Dalam hadits di atas Rasulullah SAW tidak memberikan keringanan kepada Abdullah bin Ummi Maktum r.a untuk shalat dirumahnya (tidak berjamaah) kendati ada alasan, seperti keadaan buta, tidak adanya penuntun ke masjid, jarak rumah yang jauh dari masjid, atau usia yang sudah tua.
Sebaliknya dalam hadis yang diriwayatkan oleh Abu Hurairah ia bersabda, “Aku berniat memerintahkan kaum muslimin untuk mendirikan shalat. Maka aku perintahkan seorang untuk menjadi imam dan shalat bersama. Kemudian aku berangkat dengan kaum muslimin yang membawa seikat kayu bakar menuju orang-orang yang tidak mau ikut shalat berjamaah, dan aku bakar rumah-rumah mereka.” (Al Bukhari-Muslim).
Ketika mengomentari hadis ini, maka Ibnu hajar berkata. Hadits ini menerangkan, shalat berjamaah adalah fardhu ain, karena kalau shalat berjamaah itu hanya sunnah saja, tentu Rasulullah tidak akan berbuat keras terhadap orang-orang yang meninggalkannya, dan kalau fardhu kifayah pastilah telah cukup dengan pekerjaan beliau dan yang bersama beliau.

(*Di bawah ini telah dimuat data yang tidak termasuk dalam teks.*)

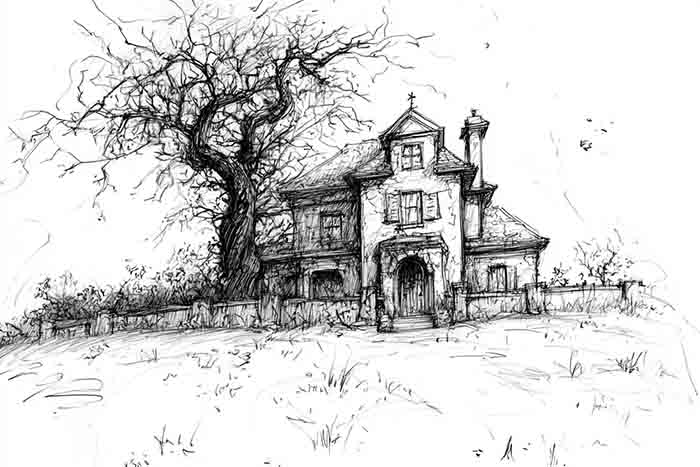 Haunted building on hill realistic sketch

Dari penjelasan Allah dan Rasul-Nya, begitu juga komentar para sahabat dapat difahami bahwa shalat jamaah sangat penting bagi setiap muslim, sebagai bukti kepatuhannya dalam beragama.
Jika untuk berpuasa, zakat atau haji ada prasyarat yang harus dipenuhi sehingga baru bisa di tunaikan, tetapi khusus untuk shalat ternyata tidak ada syarat khusus. Ketika masuk waktunya maka tidak ada alsan(uzur) untuk meninggalkan atau menggugurkan kewajiban dimaksud. Wajar jika pada akhirnya Rasul SAW secara tegas mengatakan:” Batas antara seseorang dengan kekufuran dan syirik adalah meninggalkan shalat. (HR. Muslim). Selanjutnya kerapian dan atau ketidak beresan shaff (barisan) dalam shalat jamaah adalah gambaran dari kerapian atau ketidak beresan umat Islam secara umum.”
Jika shaf yang tidak lurus saat sholat jamaah menjadi salah satu indikator adanya ketidakberesan di dalam shaf kaum muslimin, apalagi meninggalkan sholat berjamaah. Berdasarkan pemahaman yang dalam akan syariat Islam, Imam Hasan al-Banna berwasiat kepada umat Islam untuk segera menunaikan sholat berjamaah ketika adzan sudah berkumandang.
Ia berkata, “Dirikanlah shalat kapan saja kamu mendengar adzan, bagaimanapun kondisimu”. Dengan demikian sudah saatnya para pemimpin, tokoh masyarakat dan masyarakat menumbuhkan semangat untuk memelihara dan melaksanakan shalat jamaah pada awal waktu dan diutamakan di masjid.
Lembaga-lembaga pemerintahan dari tingkat yang paling tinggi sampai yang paling rendah yang bersifat rutin/tidak rutin agar menunjuk petugas pengingat shalat jamaah (muazin) di awal waktu.
Jika semangat keberagamaan (shalat berjamaah) ini berjalan di setiap sudut pelosok negri, maka peluang untuk menjalankan dan menerapkan syariat Islam yang lainnya hanya meninggal waktu. Tetapi sebaliknya jika untuk shalat berjamaah saja belum bisa diterapkan (apalagi di lembaga-lembaga ke Islaman seperti Kementrian Agama, IAIN, Pesantren dan Madrasah), maka kecil harapan syariat yang lebih besar dan berat dari itu dapat ditunaikan.
Semoga semua kita termasuk orang-orang yang berusaha menjadi inisiator hidupnya nilai-nilai keagamaan, salah satunya shalat berjamaah) dalam masyarakat dan pada saat bersamaan terpelihara dari sifat kemunafikan. Semoga!